__Supplied records__:
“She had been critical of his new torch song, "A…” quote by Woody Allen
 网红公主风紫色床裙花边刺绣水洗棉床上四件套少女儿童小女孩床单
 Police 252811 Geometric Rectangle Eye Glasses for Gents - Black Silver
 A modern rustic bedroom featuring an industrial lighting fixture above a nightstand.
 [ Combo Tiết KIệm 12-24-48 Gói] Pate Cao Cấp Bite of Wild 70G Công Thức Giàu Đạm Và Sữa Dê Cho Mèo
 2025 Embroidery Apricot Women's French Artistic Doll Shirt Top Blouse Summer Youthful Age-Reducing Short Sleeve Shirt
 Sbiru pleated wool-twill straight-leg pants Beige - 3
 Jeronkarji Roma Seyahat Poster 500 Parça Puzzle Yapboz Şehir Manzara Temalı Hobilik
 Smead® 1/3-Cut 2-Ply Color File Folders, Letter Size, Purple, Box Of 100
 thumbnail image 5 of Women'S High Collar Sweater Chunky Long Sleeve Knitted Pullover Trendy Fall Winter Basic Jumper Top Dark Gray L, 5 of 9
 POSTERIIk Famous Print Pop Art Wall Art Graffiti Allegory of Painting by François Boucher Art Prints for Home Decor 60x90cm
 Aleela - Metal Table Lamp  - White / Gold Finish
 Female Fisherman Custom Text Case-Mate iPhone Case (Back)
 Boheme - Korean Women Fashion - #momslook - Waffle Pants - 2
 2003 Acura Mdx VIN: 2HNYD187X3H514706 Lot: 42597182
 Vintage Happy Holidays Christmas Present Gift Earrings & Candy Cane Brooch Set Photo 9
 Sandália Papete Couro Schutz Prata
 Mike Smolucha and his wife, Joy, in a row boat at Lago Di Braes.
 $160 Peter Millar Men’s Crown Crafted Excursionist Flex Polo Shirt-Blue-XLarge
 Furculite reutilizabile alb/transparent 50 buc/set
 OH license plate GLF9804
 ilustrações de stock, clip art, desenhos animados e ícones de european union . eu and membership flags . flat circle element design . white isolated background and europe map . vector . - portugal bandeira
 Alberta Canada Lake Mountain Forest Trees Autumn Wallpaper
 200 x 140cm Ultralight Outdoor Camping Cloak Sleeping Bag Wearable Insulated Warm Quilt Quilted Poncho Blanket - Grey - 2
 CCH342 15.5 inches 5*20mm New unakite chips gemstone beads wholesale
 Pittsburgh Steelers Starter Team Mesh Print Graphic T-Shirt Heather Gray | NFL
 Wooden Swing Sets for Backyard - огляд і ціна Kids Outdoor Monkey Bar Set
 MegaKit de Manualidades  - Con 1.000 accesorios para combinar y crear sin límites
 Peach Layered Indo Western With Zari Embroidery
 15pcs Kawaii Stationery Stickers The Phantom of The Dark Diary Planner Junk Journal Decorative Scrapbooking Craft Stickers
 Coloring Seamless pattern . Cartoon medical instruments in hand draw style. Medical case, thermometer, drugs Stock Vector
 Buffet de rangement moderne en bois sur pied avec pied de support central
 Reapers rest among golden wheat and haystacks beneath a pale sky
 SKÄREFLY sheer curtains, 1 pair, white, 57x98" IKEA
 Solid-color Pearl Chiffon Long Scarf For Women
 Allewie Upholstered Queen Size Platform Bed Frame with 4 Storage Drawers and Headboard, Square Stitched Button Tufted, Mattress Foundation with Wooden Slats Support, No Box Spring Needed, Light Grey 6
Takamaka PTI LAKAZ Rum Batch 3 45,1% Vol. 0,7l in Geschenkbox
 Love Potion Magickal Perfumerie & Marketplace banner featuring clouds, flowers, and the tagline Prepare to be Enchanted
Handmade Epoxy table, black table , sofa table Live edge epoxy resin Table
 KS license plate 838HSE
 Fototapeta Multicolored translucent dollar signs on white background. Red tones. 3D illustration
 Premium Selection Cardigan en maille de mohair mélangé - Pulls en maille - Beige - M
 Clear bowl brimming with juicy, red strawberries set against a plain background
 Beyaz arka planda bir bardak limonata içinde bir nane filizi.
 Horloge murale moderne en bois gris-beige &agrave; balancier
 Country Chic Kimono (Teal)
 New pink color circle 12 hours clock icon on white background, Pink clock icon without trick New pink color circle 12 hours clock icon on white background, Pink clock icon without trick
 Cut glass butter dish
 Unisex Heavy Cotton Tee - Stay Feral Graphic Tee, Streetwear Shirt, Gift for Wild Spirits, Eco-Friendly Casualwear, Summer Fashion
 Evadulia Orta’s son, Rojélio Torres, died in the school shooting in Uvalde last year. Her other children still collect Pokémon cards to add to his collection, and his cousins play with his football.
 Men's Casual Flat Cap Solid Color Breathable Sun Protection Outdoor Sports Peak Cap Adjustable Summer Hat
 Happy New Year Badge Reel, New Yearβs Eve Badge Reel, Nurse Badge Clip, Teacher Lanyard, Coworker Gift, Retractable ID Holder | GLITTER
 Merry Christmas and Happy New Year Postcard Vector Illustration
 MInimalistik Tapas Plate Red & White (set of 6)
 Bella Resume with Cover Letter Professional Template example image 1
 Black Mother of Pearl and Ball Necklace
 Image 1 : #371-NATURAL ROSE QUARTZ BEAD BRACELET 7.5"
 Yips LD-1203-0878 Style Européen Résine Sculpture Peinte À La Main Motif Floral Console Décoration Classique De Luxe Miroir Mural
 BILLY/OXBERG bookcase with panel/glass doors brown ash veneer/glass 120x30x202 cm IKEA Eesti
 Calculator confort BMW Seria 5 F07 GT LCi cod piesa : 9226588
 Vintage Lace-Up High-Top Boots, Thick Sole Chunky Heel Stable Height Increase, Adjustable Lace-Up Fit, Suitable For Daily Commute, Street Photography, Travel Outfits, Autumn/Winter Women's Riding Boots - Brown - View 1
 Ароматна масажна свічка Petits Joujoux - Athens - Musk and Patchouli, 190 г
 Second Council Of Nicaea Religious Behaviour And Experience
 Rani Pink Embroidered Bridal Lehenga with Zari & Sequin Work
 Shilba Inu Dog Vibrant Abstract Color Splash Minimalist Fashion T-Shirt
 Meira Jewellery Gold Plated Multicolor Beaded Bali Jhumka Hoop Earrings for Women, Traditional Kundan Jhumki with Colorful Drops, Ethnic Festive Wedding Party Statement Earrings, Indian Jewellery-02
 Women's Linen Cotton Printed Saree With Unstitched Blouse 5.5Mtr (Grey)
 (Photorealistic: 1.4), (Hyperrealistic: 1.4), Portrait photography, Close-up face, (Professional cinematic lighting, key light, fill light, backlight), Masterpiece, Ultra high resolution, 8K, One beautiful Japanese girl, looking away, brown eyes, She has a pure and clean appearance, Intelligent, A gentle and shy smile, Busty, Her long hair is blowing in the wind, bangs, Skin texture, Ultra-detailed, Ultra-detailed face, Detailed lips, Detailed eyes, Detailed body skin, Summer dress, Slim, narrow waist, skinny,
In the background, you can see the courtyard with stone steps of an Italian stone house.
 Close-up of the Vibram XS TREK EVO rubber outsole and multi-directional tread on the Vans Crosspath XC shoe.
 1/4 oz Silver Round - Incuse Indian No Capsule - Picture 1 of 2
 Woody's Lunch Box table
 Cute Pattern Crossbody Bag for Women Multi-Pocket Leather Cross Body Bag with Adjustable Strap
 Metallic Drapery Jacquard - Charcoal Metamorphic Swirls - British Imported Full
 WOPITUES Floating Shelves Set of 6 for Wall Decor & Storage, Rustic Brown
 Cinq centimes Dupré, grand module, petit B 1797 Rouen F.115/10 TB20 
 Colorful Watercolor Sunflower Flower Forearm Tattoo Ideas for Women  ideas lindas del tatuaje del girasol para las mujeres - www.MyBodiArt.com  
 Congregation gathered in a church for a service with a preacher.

__Work task__:
Print, without alteration, only the lines above between the one holding "Furculite reutilizabile alb/transparent" and the one holding "Coloring Seamless pattern", inclusive.

__Written answer__:
 Furculite reutilizabile alb/transparent 50 buc/set
 OH license plate GLF9804
 ilustrações de stock, clip art, desenhos animados e ícones de european union . eu and membership flags . flat circle element design . white isolated background and europe map . vector . - portugal bandeira
 Alberta Canada Lake Mountain Forest Trees Autumn Wallpaper
 200 x 140cm Ultralight Outdoor Camping Cloak Sleeping Bag Wearable Insulated Warm Quilt Quilted Poncho Blanket - Grey - 2
 CCH342 15.5 inches 5*20mm New unakite chips gemstone beads wholesale
 Pittsburgh Steelers Starter Team Mesh Print Graphic T-Shirt Heather Gray | NFL
 Wooden Swing Sets for Backyard - огляд і ціна Kids Outdoor Monkey Bar Set
 MegaKit de Manualidades  - Con 1.000 accesorios para combinar y crear sin límites
 Peach Layered Indo Western With Zari Embroidery
 15pcs Kawaii Stationery Stickers The Phantom of The Dark Diary Planner Junk Journal Decorative Scrapbooking Craft Stickers
 Coloring Seamless pattern . Cartoon medical instruments in hand draw style. Medical case, thermometer, drugs Stock Vector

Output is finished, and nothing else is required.